The failed attempt by the Health Minister Edwin Poots to overturn a landmark ruling on gay and lesbian adoption has been welcomed by gay organisations.
However, some religious groups have slammed the decision as "dictatorial".
The Court of Appeal dismissed a bid by the Department of Health challenging the decision to lift the prohibition of gay and lesbian couples in civil partnerships legally adopting.
Senior judges upheld the decision to bring equality for gay and lesbian couples, similar to the law already in England, Scotland and Wales. The decision also opens the way for unmarried heterosexual couples to adopt.
In October last year, the ban based on relationship status was held to discriminate against those in civil partnerships and to breach their human rights.
Attorney General John Larkin QC appealed against the High Court ruling on behalf of the department. He argued that the current criteria is lawful, appropriate, had public support is in the best interests of children.
But Lord Justice Girvan yesterday stated: "The department has put forward no justification to exclude same sex couples as parties eligible to adopt as a couple."
He also held that no proper explanation was advanced for why same-sex partners being rendered ineligible once they publicly cement their relationship.
Gay rights groups were yesterday celebrating the outcome, but said the ban must now be lifted.
Director of The Rainbow Project John O'Doherty described Mr Poots' attempt to challenge the courts as "embarrassing" and said: "There has now been clear direction from the Court of Appeal that the current unlawful ban cannot be allowed to continue.
"No longer must same-sex couples have to choose between entering a civil partnership and be coming adoptive parents to a child who needs them."

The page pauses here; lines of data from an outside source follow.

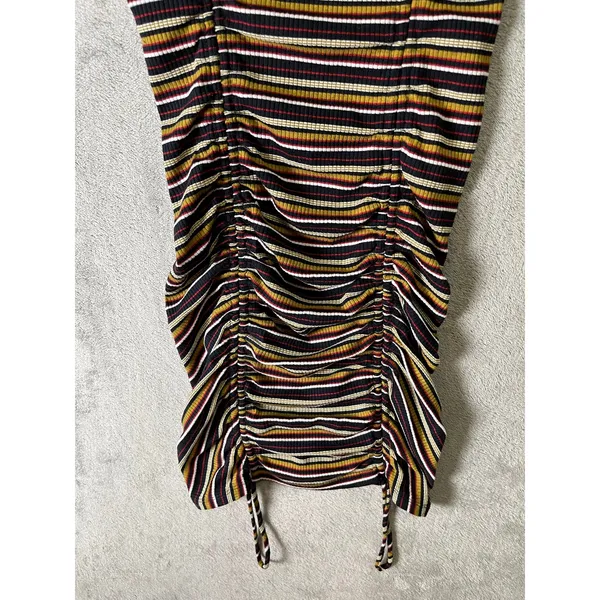 Free People‎ Ribbed Striped Ruched Bodycon Mini Dress XS Boho Y2K Festival - Image 3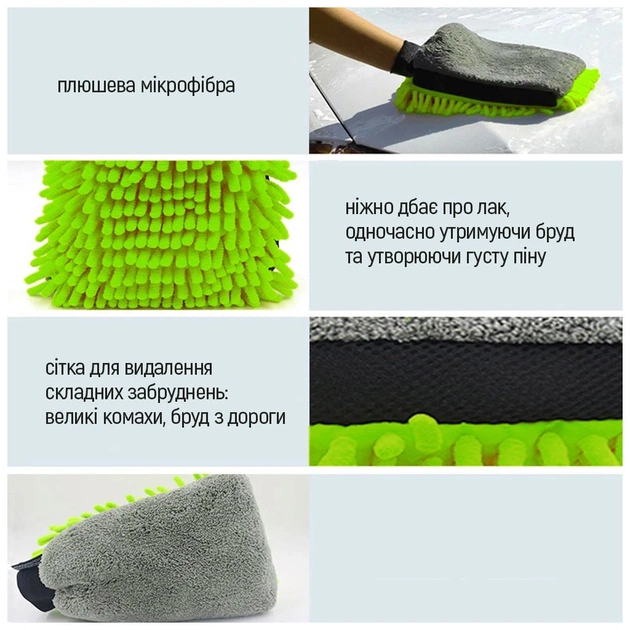 Автомобільна серветка ColorWay Рукавичка з мікрофібри для миття та полірування автомобіля, двостороння (CW-2417) - зображення 5
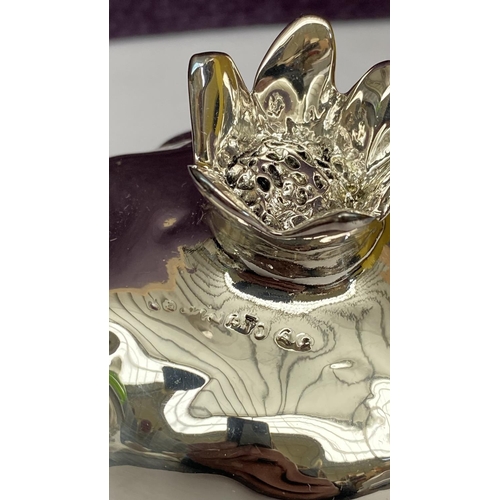 40 - Valenti Italy Large Hand Made Silver Laminated Pomegranate in Original Box (Unused)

He said prejudices against same-sex attracted people are not a good enough reason to "deny a child loving parents and never will be".
One lesbian foster mum told the Belfast Telegraph the decision was "fantastic news" and although she didn't think she could financially support a full adoption, she knew couples who had to go as far as China to adopt a child.

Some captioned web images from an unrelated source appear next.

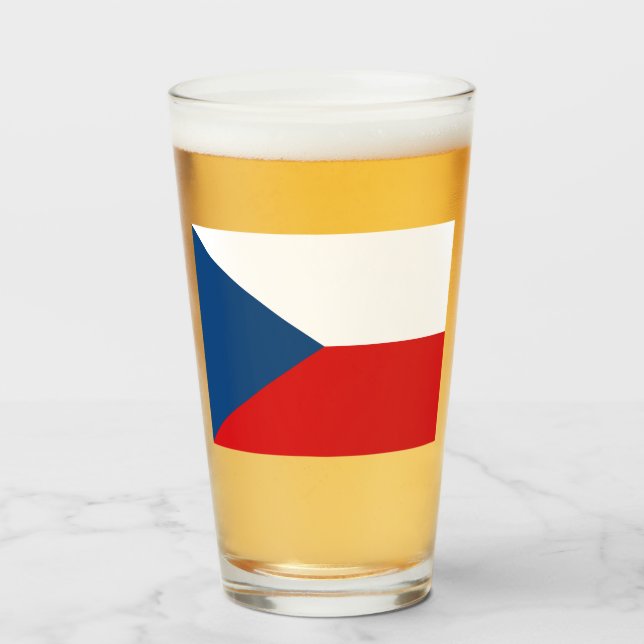 Tschechische Flagge Glas (Vorne (Gefüllt))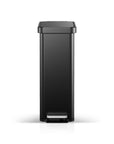 Hudson Slim 50 Liter / 13 Gallon Matte Black Step Trash Can with Lid
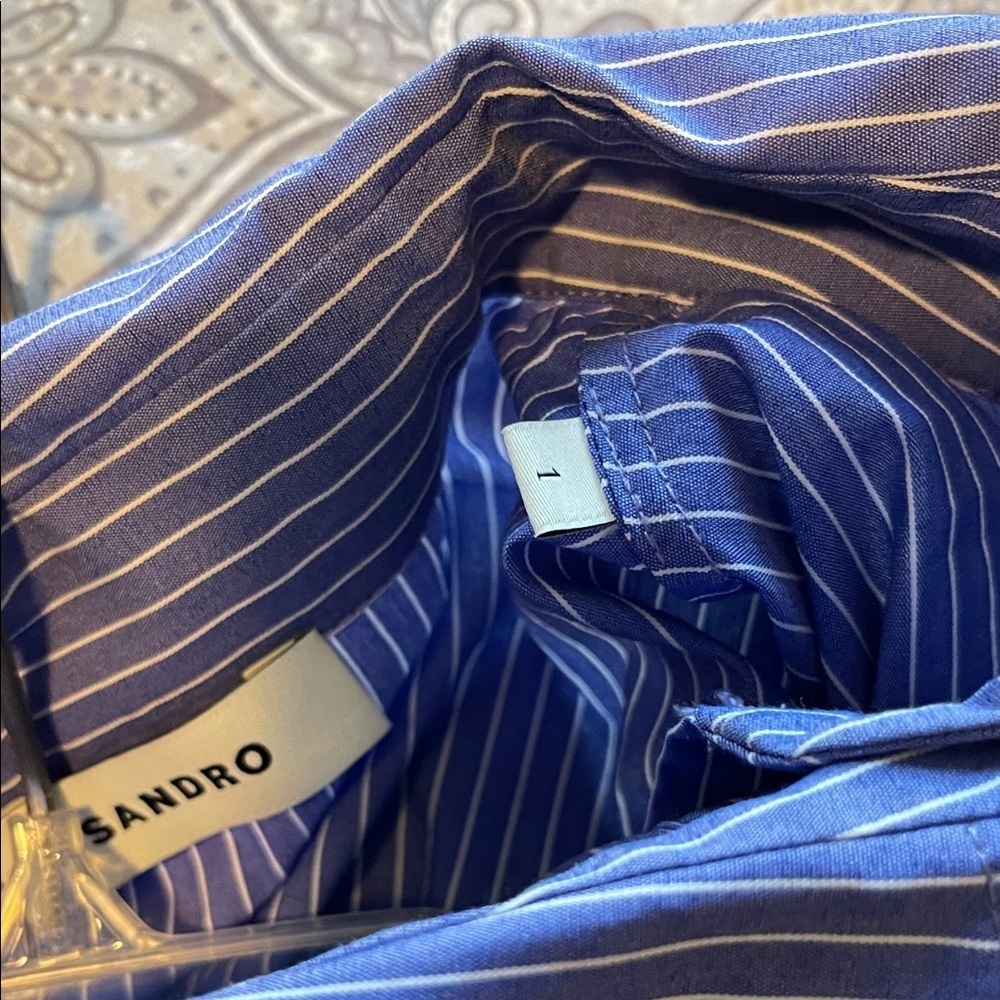Sandro Navy Striped Button-Down Sleeveless Shirt - Picture 9 of 10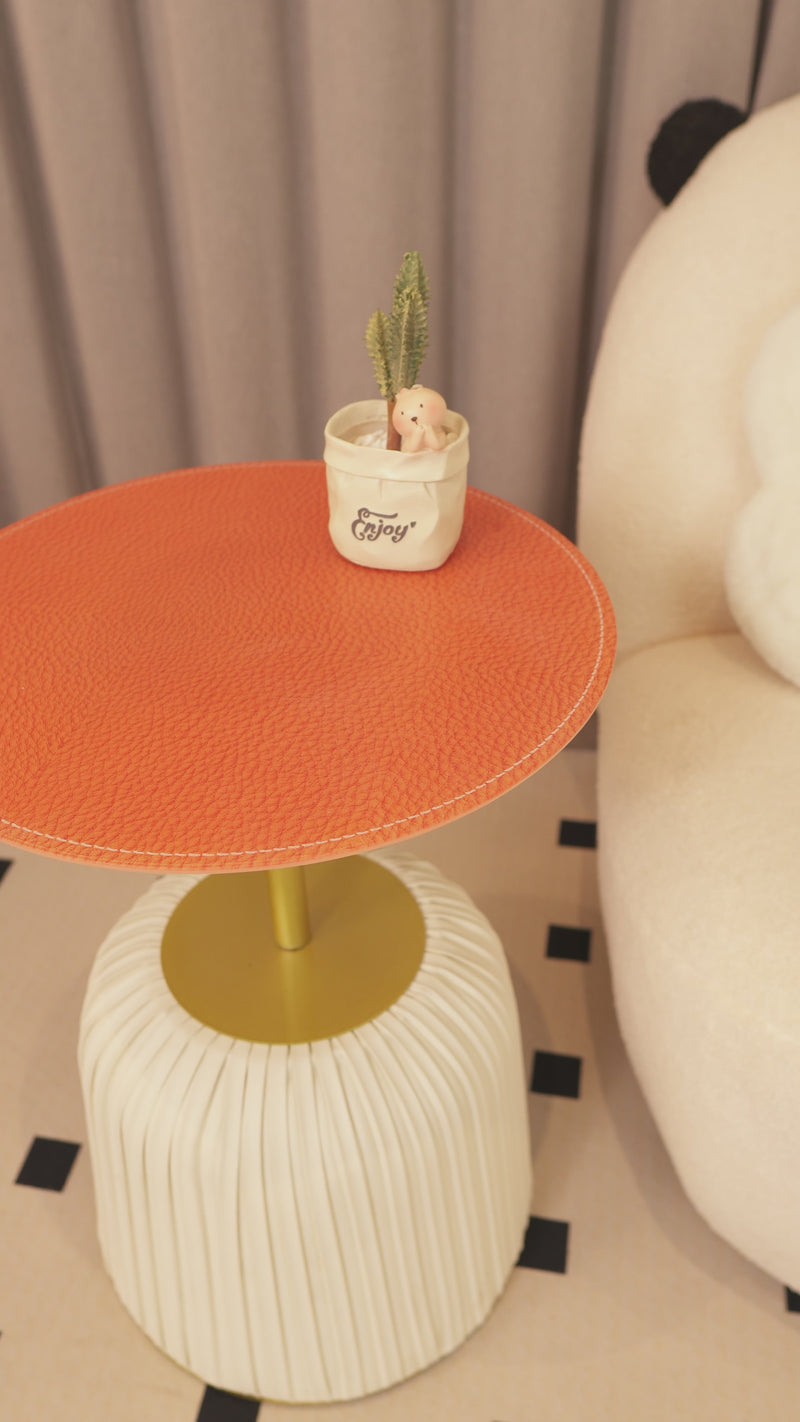 Contemporary Nordic Cylindrical Round PU Leather Glass Metal End Table 1-Tier For Living Room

However, the decision has angered some Church groups who say it's a slippery slope towards other rulings on abortion law and gay marriage.
Pastor Paul Burns, of the Adullam Christian Fellowship Church in Belfast's Sandy Row said the ruling came from "a dictatorship, not a democracy". "Where is the democracy in Northern Ireland when three judges behind doors just make decisions which means we are forced to accept this," he said. "It's Adam and Eve, not Adam and Steve."
"I call on our ministers to put the vote to the public – because from the people who I've spoken to, we are bewildered at how this has happened."
Alliance health spokesman Kieran McCarthy MLA called on Mr Poots to halt any further action in the Supreme Court and slammed the appeals as "a waste of money".
He said: "The result today will mean that there are people, good people adopting for the right reasons.
"There is a waiting list for young people right across Northern Ireland and it makes sense. We know perfectly well what's right here, and what will save public money, it's as simple as that."
The NI Human Rights Commission took judicial review proceedings centred on the blanket ban imposed on same-sex and unmarried couples by the Adoption (Northern Ireland) Order 1987.
In October 2012, the ban on adoption based on relationship status was held to discriminate against those in civil partnerships and to breach their human rights.
The Department of Health challenged that ruling saying the current situation was appropriate and in the best interests of children. Senior judges disagreed and yesterday paved the way for gay and unmarried couples to adopt children in Northern Ireland.